Some limitations of our study need to be discussed. First we used the surface EMG of the diaphragm in the same manner as the EADi signal. To our best knowledge, no correlation studies between the surface EMG and EADi have been performed. Sinderby et al. have shown in a small study population that peak EAdi signals obtained from esophageal catheter were comparable with peak costal surface EMG signal [31]. This manuscript shows that automatic algorithms for transcutaneous electromyographic respiratory muscle recordings to quantify patient–ventilator interaction in mechanically ventilated children can be developed. However, this does not mean surface EMG is equivalent to EADi measurements. More validation studies need to be performed. Secondly, we included patients in the 24 h prior to extubation. The rationale for this was the expectation that patients in the weaning phase are likely to have more interaction with the ventilator. In fact, Emeriaud et al. indeed showed a significant lower diaphragm activity during the acute phase of illness [32]. Last, it should be noted that currently to estimate a patient’s respiratory center output, only dEMG was analyzed. Analyzing both dEMG and EMG of intercostal muscles simultaneously may have an added value in patients characterized by an early trigger error, because the ventilator might be triggered by inspiratory flow generated by intercostal muscle activity. Moreover, it is shown that external intercostal muscles are normally stimulated before the diaphragm as an initial stabilization of the chest wall to make diaphragmatic contraction more efficient [33].

Conclusions

The transcutaneously measured electrical activation of the diaphragm is a useful signal for evaluating and monitoring patient–ventilator interaction. The dEMG-phase scale was demonstrated to be reproducible and to be an accurate scale to quantify patient–ventilator interaction of mechanically ventilated children. This method may have important implications for both clinical use and research purposes, as it is not restricted to a type of ventilator and it is a non-invasive tool implying that it can be easily implemented in the pediatric population.

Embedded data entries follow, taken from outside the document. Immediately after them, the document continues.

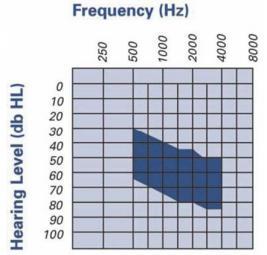 alla frequenza ed intensità con la quale il magnete vibra, l FMT ha la capacità di generare differenti suoni.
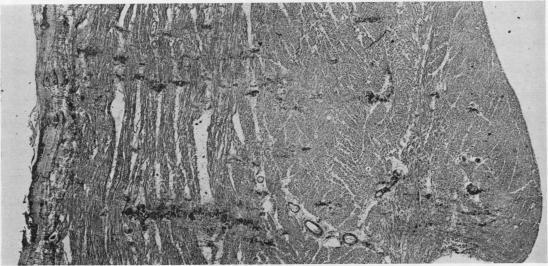 https://cdn.ncbi.nlm.nih.gov/pmc/blobs/ee70/1023944/3e3c213e2e83/jclinpath00036-0009-b.jpg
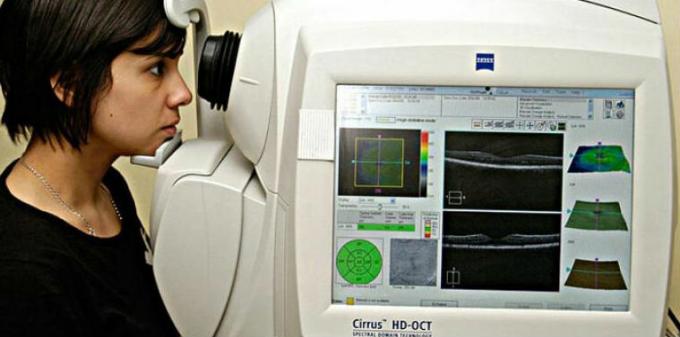 tomografi koherensi optik angiografi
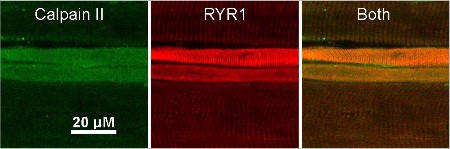 Anti-Ryanodine Receptor 1 Antibody Anti-Ryanodine Receptor 1 Antibody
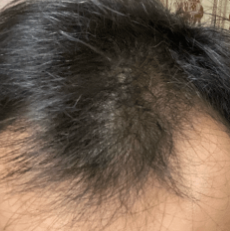 クリニックフォアの発毛ベーシックプラン治療後4ヶ月の症例画像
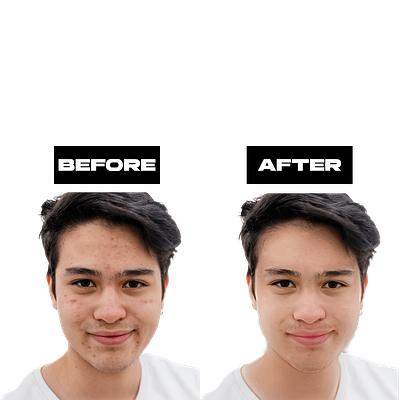 Male Face Retouch acne removal photo adobe photoshop after background removal before color change face face retouch graphic design image enhancement image processing image resizing photo photo retouching reshape retouch retouching enhancement social media design social media imagery transparent background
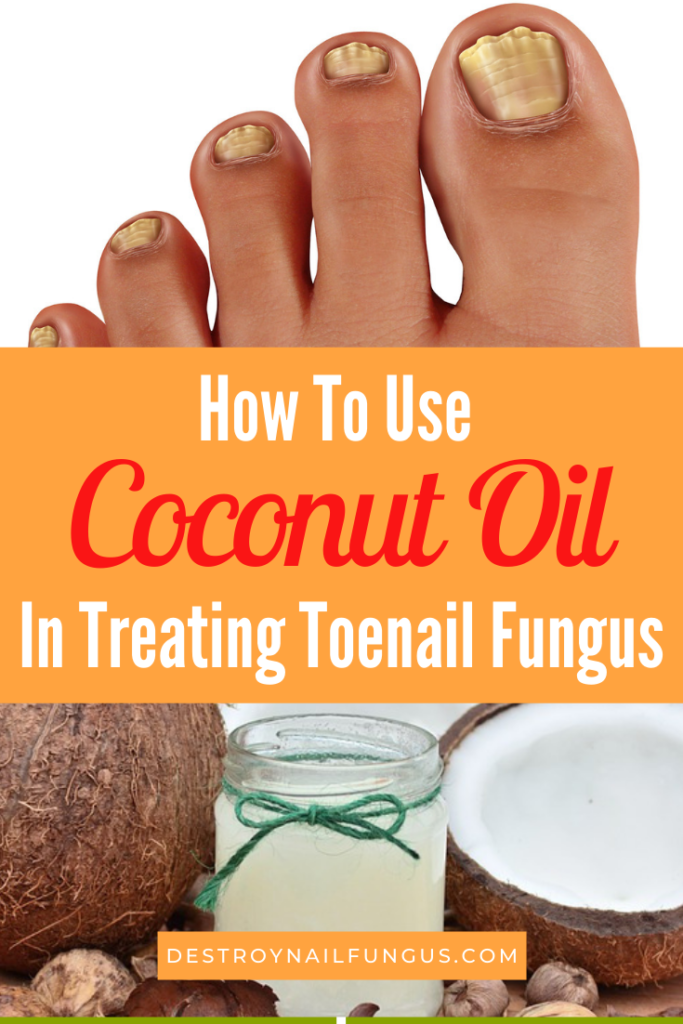 5 Amazing Ways To Use Coconut Oil For Toenail Fungus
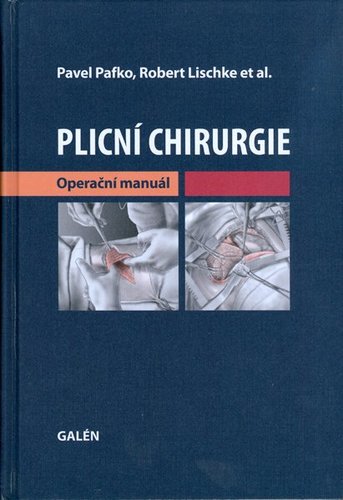 Plicní chirurgie - Kolektív autorov,Pavel Pafko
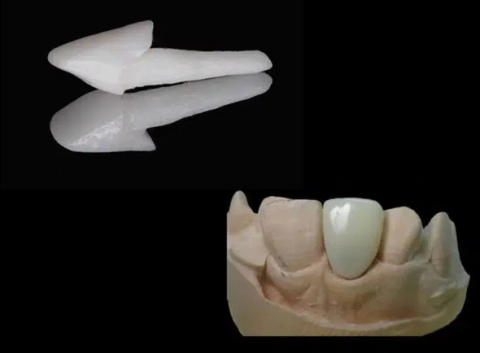 DCR + Full Anatomic - Pivot Zirconiu Opak + Element dentar PMMA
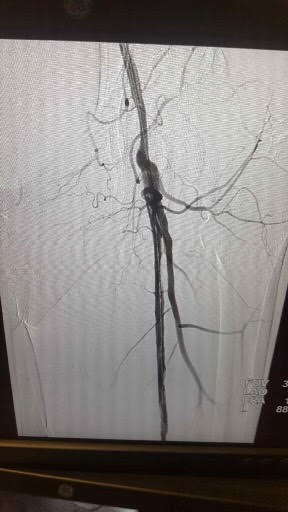 Peripheral Arterial Disease - Chronic Total Occlusion of Left Superficial Femoral Artery after atherectomy.
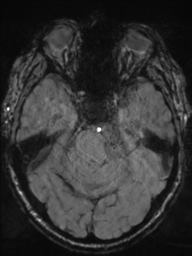 Acoustic schwannoma (Radiopaedia 55729-62281 Axial SWI 17).png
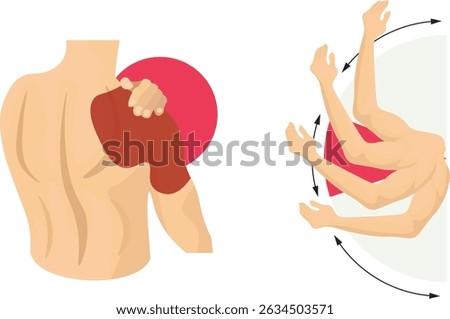 Frozen shoulder, medically known as adhesive capsulitis, is a condition characterized by stiffness, pain, and limited range of motion in the shoulder joint.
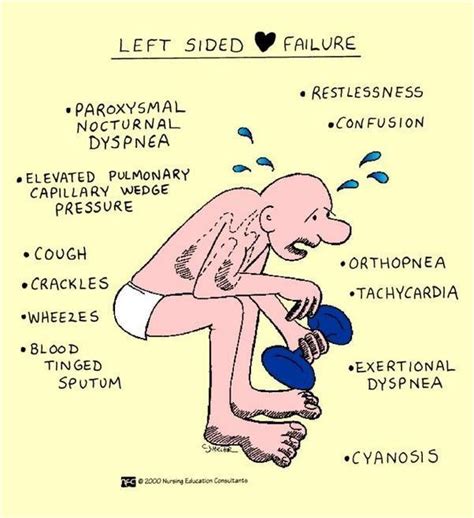 Left sided Heart Failure | Because I'm a Nursing student... | Pinterest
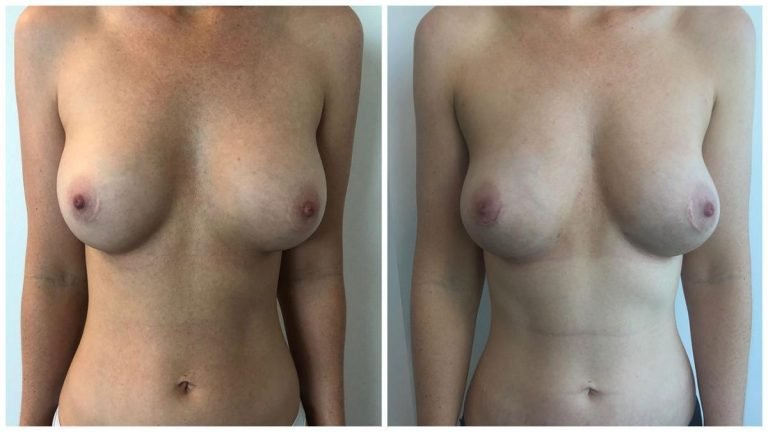 Before and after breast implant removal in combination with breast fat transfer, patient 2 front view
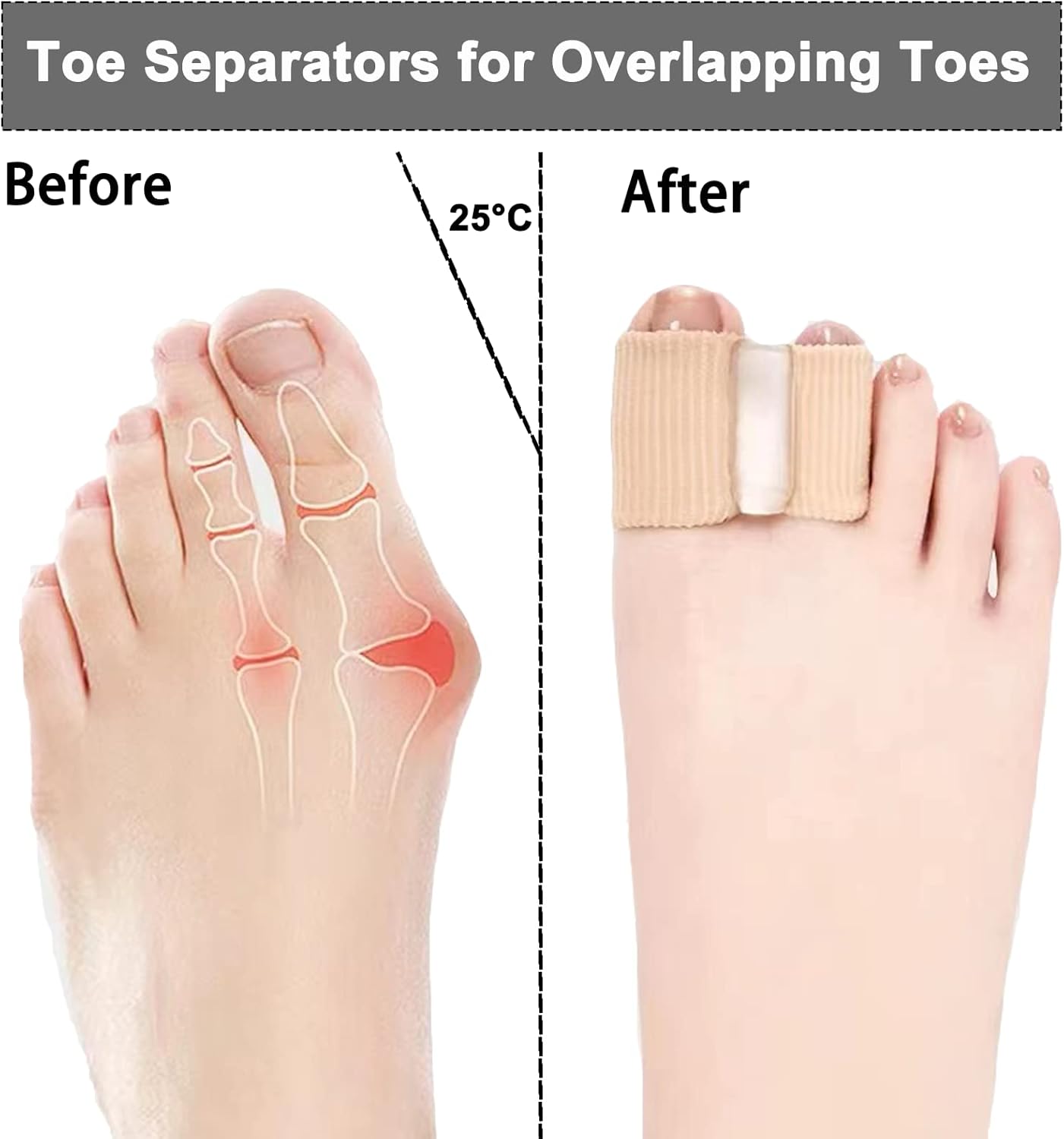 12 paquetes de separadores de dedos de gel para dedos superpuestos, espaciadores de dedos para juanetes para mujeres y hombres, 2 bucles corrector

The described method could be the first step to determine the effects of patient–ventilator synchrony, dyssynchrony and asynchrony in mechanically ventilated children. Further research is needed to validate cut-off points used in this study. Finally, validation studies are needed to explore the correlation between electrical signals from the diaphragm measured transcutaneously and EADi signals obtained by an esophageal catheter.